His historical novel, The Diary of a Scullery Maid, although written in English, is spiced with a modicum of Gaeilge - the indigenous language of some of the characters whose linguistic rights were once denied them but are now safeguarded by the European Bureau of Lesser Used Languages, an international organisation working to - among other things - protect the languages of more than 40 million minority language speakers living in European Union Member States. The novel which deals with the Boer War and its aftermath including the beginnings of revolution in Ireland and the decline of the aristocracy has been nominated in the Top 100 Books of the Historical Novel Society's Book Section.

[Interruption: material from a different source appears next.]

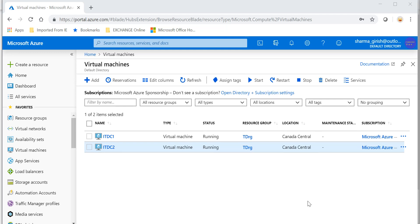Hello friends, welcome to the channel IT Simplified. I hope you find these videos on Azure useful. In today's session, I'm here to show you how to configure a replica domain controller within Azure.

The Changeling, book one of a two part series, is a magical tale for children of all ages and tells how Shauna, eldest of five adopted children, is kidnapped by fairies and a lookalike changeling left in her place.The changeling, Dylis, and her magic are an instant success with the children, but unfortunately the dimwit fairies in charge of the changeover inadvertently kidnap five-year-old Sierra as well, and in the first of many adventures, the changeling and children set out for fairyland to rescue Sierra.Their search uncovers a plot hatched by the outlawed elves on lonely Rombauld's Moor to annihilate all of fairyland. Further evil is afoot with the witch, Ratstails, and her legion of man-eating crows on guard at the entrance to the Ancient Alchemy where the world's only two-headed dragon is being cloned from dragons' bones making the adventure even more perilous.

Although written in English, some of the dialogue in keeping with the characters ethnicities, is spiced with a little Spanish, Irish, Turkish and the Kalabari dialect of the Ijaw people of Nigeria in the hope that the multicultural elements will help fill a vacuum in the children's market.